■ **Exercise objective**: Range to copy from the entries below: the line containing "a large bowl" through the line containing "Colorful graffiti painted", inclusive. Retype only those lines, exactly, without any images.

■ **Source material**:
[Start of section]

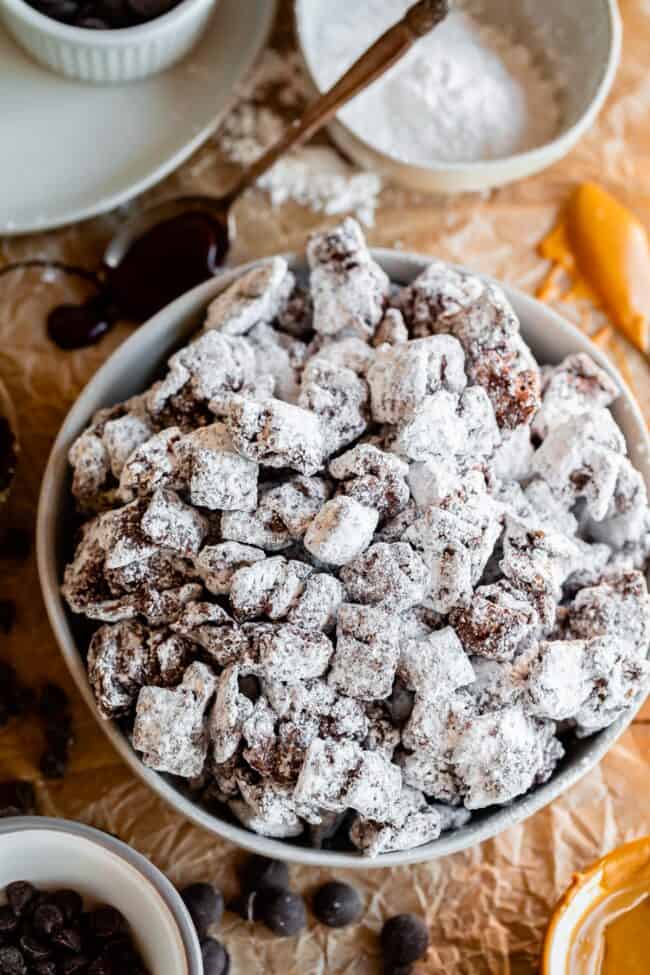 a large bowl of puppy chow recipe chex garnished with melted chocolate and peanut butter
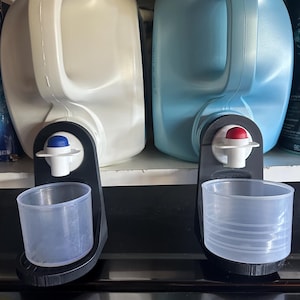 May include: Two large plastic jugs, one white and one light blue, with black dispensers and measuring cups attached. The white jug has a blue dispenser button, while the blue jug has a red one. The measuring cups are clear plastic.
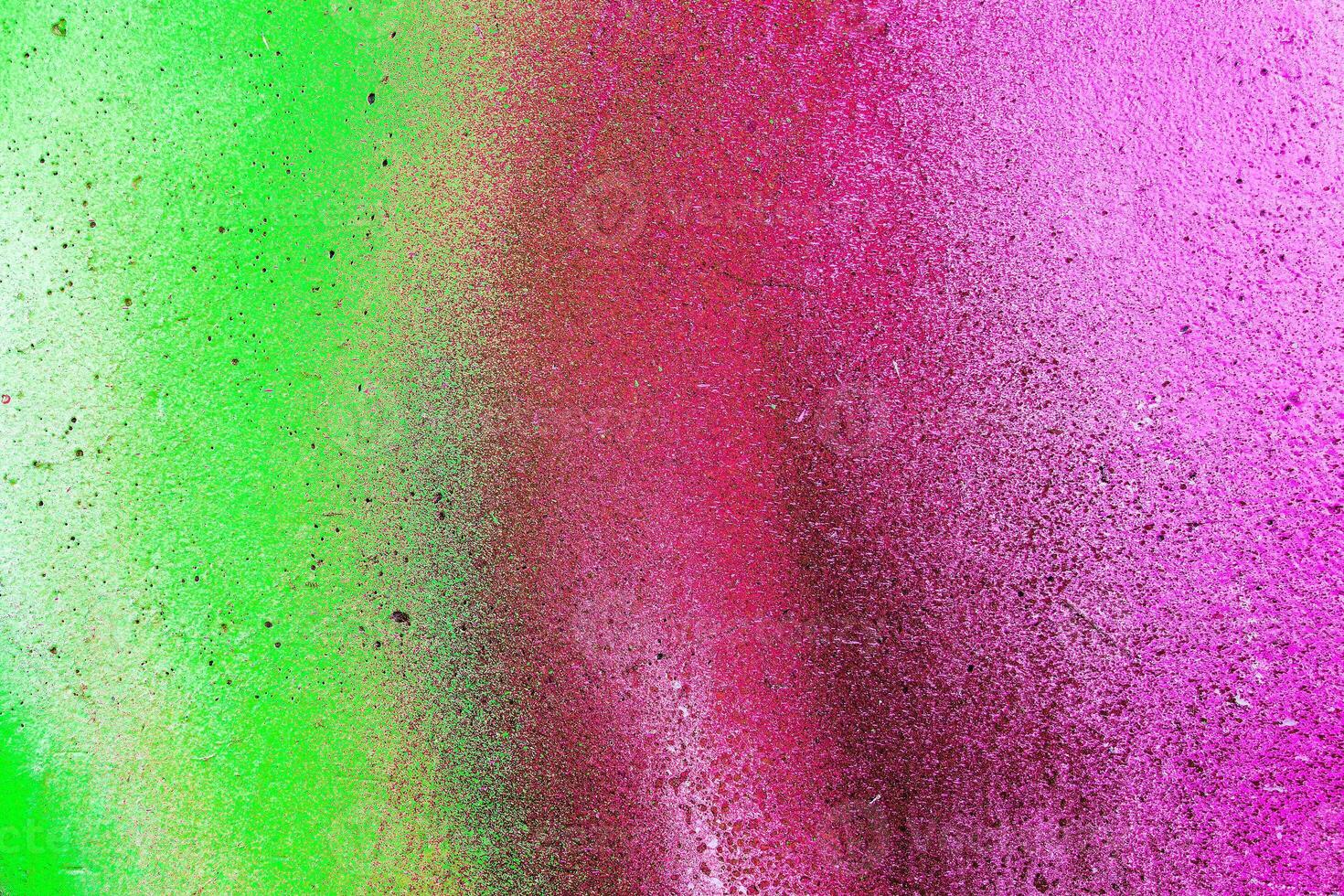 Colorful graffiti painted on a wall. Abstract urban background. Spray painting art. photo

[End of section]
[Start of section]

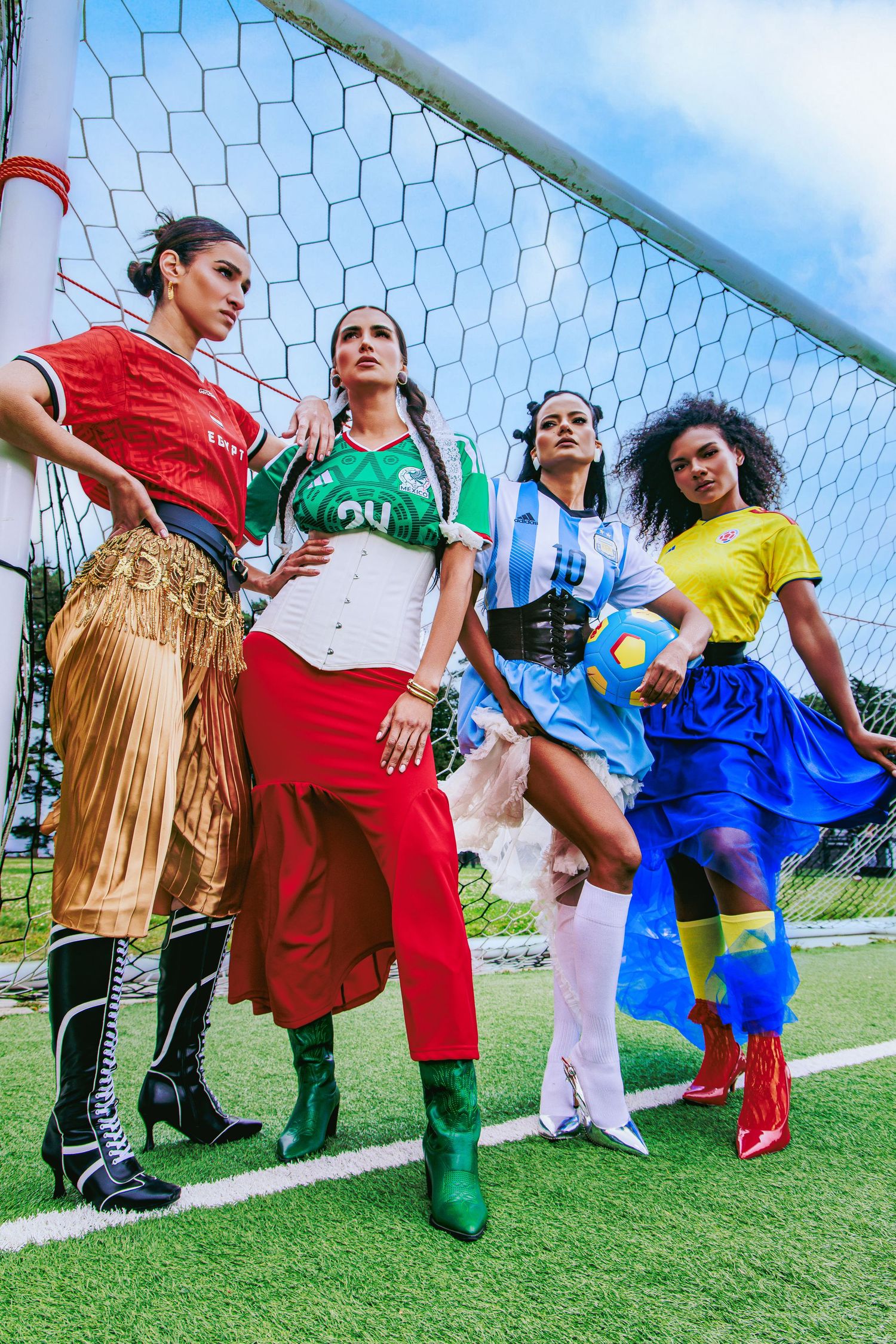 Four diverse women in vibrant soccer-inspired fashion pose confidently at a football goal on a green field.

[End of section]

■ **Task output**:
 a large bowl of puppy chow recipe chex garnished with melted chocolate and peanut butter
 May include: Two large plastic jugs, one white and one light blue, with black dispensers and measuring cups attached. The white jug has a blue dispenser button, while the blue jug has a red one. The measuring cups are clear plastic.
 Colorful graffiti painted on a wall. Abstract urban background. Spray painting art. photo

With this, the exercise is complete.